Comme il fallait s’y attendre, la ville d’Apaloosa est toute équipée pour satisfaire les besoins les plus luxueux de nos protégés à poils. Du parc à chien au parc à chat en passant par le centre équestre et l’hippodrome, on aura de quoi faire pour les divertir sans rester cloitré à la maison. Bien entendu ces nouveaux lieux pourront être intégrés aux villes déjà existantes. Il est grand temps d’adopter quelques animaux de compagnie pour palier à l’ennui. Direction l’ordinateur pour consulter, au choix, les annonces d’adoption émises par les refuges ou par les voisins du quartier. On a alors le loisir de choisir parmi quelques frimousses poilues qui n’attendent qu’un nouveau maitre et un foyer. Quelques heures plus tard, le nouveau membre de la famille arrive : il s’appelle Shirow, un chaton que l’on nous a décrit comme amical, stupide et paresseux. Vous l’aurez compris, nos bestioles ont dorénavant des traits de caractères. Contrairement aux sims humains, leur caractère peut évoluer selon l’éducation qu’on leur prodigue en les grondant ou en les récompensant, par exemple. De plus, une fois adulte, les chats, chiens et chevaux commenceront à émettre des souhaits (aucun souhait à long terme en revanche), la plupart restant très simple comme renifler telle ou telle personne. Outre ces quelques attributs, nos animaux ont des besoins qu’il faudra veiller à combler si l’on ne veut pas que la Brigitte Bardot du coin vienne nous les reprendre.

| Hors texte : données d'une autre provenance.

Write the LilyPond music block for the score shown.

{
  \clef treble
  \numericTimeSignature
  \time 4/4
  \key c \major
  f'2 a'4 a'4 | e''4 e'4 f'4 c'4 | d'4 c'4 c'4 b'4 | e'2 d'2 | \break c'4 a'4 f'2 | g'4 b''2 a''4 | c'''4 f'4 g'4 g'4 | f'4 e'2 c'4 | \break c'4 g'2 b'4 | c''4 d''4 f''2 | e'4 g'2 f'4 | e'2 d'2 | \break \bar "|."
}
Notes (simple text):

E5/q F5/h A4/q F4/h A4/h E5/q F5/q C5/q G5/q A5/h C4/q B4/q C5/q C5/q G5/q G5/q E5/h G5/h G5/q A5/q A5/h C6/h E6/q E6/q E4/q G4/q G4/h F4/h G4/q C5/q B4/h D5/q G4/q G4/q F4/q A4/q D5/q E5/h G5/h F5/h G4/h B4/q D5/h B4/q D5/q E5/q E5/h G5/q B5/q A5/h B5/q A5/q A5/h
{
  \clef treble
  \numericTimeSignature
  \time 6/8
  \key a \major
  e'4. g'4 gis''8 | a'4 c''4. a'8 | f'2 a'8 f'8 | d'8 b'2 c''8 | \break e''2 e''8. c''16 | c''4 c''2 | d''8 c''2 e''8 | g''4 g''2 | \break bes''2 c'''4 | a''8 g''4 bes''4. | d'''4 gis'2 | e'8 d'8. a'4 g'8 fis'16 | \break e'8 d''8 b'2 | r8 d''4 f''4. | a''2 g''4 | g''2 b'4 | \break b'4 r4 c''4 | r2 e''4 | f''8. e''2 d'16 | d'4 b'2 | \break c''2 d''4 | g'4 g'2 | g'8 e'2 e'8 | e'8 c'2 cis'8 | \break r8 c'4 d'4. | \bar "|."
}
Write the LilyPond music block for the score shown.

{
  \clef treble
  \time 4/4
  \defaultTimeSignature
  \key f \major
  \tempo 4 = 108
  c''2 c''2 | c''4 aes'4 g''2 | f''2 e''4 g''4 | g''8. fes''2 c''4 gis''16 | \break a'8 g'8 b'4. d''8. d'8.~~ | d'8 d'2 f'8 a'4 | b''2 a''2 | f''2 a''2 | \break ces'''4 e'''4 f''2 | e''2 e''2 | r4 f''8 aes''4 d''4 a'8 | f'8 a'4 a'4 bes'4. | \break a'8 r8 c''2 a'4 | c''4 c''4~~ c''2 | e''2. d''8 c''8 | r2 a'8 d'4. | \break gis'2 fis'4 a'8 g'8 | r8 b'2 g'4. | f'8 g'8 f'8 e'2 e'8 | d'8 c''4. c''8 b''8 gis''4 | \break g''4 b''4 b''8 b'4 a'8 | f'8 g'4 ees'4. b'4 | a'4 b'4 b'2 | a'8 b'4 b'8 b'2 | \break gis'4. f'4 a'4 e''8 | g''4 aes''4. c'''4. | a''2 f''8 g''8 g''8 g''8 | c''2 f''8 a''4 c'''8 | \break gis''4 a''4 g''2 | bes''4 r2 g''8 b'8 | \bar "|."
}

Comme les sims, les animaux ont besoin de manger, de dormir, de s’amuser et d’avoir des relations sociales. Ils ont en plus un besoin propre à leur type. Les chiens doivent par exemple remplir leur quota de « Destruction » en machouillant des objets et en creusant dans notre beau jardin. Le chat quant à lui doit « Faire ses griffes » tandis que le cheval ne doit jamais manquer « d’Exercice ». Comprenez qu’il faut alors répondre à leurs exigences en faisant un tour du côté du Mode achat, sans quoi c’est nos plus beaux meubles qui y passeront. On retrouve divers objets indispensables à nos protégés : niches, litières, gamelles, arbres à chats ou encore box pour les chevaux, rien n’est oublié. On aurait toutefois espéré plus de diversité dans cette nouvelle gamme d’objets. Les meubles de maison s’étoffent également de quelques nouveautés comme le veux la tradition, mais rien d’assez utile ou original pour marquer les esprits. Le tout installé, nous n’avons pas besoin de gérer nos bêtes plus que de raison. Maxis a eu la brillante idée de rendre les animaux particulièrement indépendants malgré la possibilité de les contrôler.